The Comfort of Home
The total value of luxury homes in key Indian cities touched $ 30 billion between 2008 and 2012. It can only grow.
After returning to Kochi from an eight year assignment in Brussels, IT professional Sandeep Menon wanted to invest in property that gave him easy access to his office in Kaloor as well as a scenic location to help him unwind after a hard day’s work. It also had to be close to his daughter’s school, where his wife works as a teacher. He invested Rs 1.6 crore in a plush, furnished waterfront flat near Vytilla, with imported wooden floors, branded faucets, a modular kitchen and teak- wood doors. It has its perks. In the evenings, he finds time to work out at the society’s gym, and enjoys a steam bath twice a week. But what he cherishes most is an occasional evening drink on his balcony overlooking the backwaters. “If you discount the frequent power cuts, which is the bane of Kerala, life here is heavenly,” he says.
A CLASS APART
As Kochi’s Menon proves, owning a luxury home is no longer the prerogative of the rich and famous in the metros. High- net- worth individuals ( HNIS) are making a beeline for luxury homes with easy access to work and top- class amenities, even in Tier- II cities such as Lucknow, Hyderabad, Ahmedabad and Pune. Catering to this demand are developers such as Lodha, Sunteck, DB Realty, Kohinoor, Sobha, DLF, Puravankara, Prestige and Hiranandani. Property consultant Jones Lang LaSalle ( JLL) India says the total value of luxury homes in 2008- 2012, with 25,570 units on offer across Bangalore, Hyderabad, Pune,
NCR- Delhi, Mumbai, Chennai and Kolkata, was around $ 30 billion. Experts say there is new demand for luxury and ultra- luxury homes with prices ranging from Rs 1 crore to Rs 20 crore, driven by new offerings, an influx of non- resident Indians ( NRIS) and changing lifestyles. The value of luxury homes will be fuelled by the presence of around 153,000 HNIS. In cities like Mumbai, some projects have even crossed the Rs 100- crore mark.

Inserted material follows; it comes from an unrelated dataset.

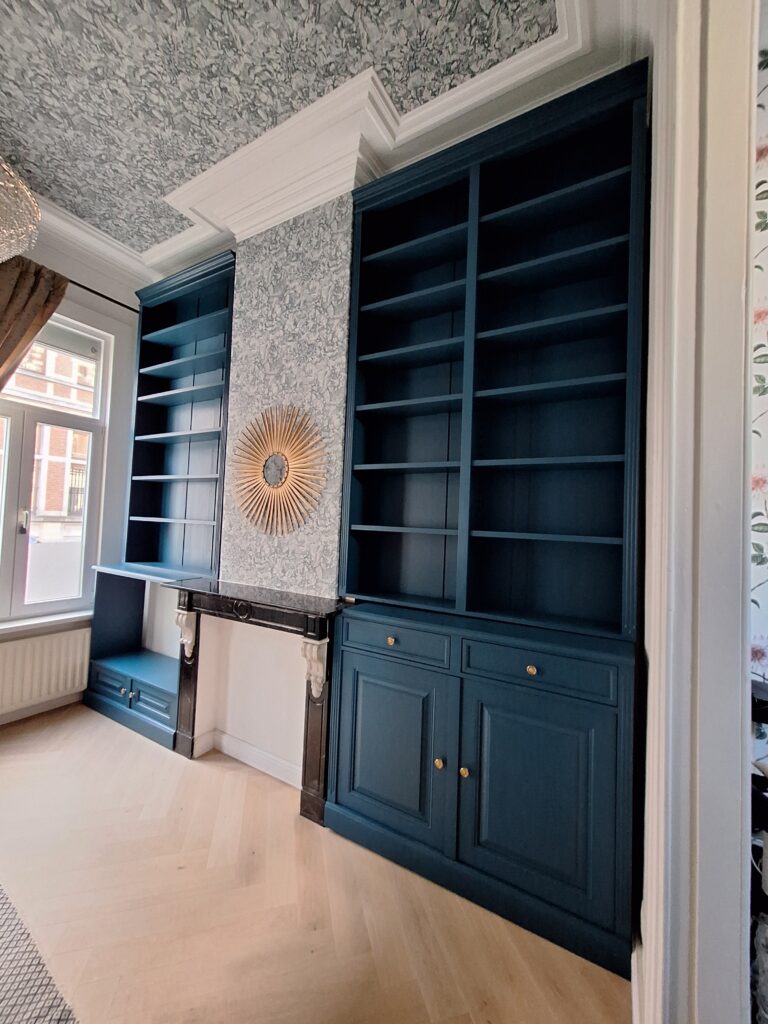 Handgemaakte kasten op maat en meubels op maat in onze meubelmakerij nabij Mortsel.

In Mumbai, traditional luxury housing hotspots stretch from south Mumbai — covering the golden triangle of Napean Sea, Altamount Road and Peddar Road— to Bandra, but this is being supplemented by new properties on land that once belonged to textile mills in central Mumbai, comprising Parel, Lower Parel, Elphinstone Road and Worli. Consultants say south Mumbai still remains twice as expensive, with homes ranging between Rs 60,000 and Rs 1.2 lakh per sq ft.

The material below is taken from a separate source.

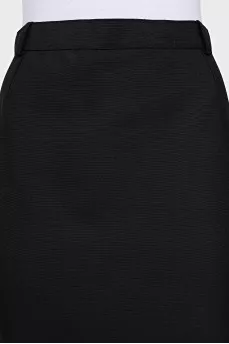 Black skirt with bows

In Pune, where luxury homes are moving beyond the traditionally affluent localities of Aundh and Koregaon Park to NIBM, Pashan, Bavdhan and Baner, an influx of expats, professionals and GenNext of business families is creating new demand. Understandably, this July, US tycoon Donald Trump partnered with Panchshil Realty to launch Trump Towers that will house 44 condominiums.
Delhi’s luxury hotspots on Prithviraj Road, Amrita Shergil Road, Shanti Niketan and Akbar Road are homes to industrialists and NRIS. ITC Chairman Y. C. Deveshwar reportedly bought a 650 sq yd plot in Shanti Niketan for Rs 85 crore, taking the rates to over Rs 10 lakh per sq yd. In Gurgaon, societies such as Aralias and Magnolias cost Rs 25,000 to Rs 32,000 per sq ft. In June, Godrej Properties announced their entry into NCR with a luxury project in Okhla. “NCR is key to our growth. We believe this project’s location will help grow our presence in the region,” said Pirojsha Godrej, MD and CEO of Godrej Properties.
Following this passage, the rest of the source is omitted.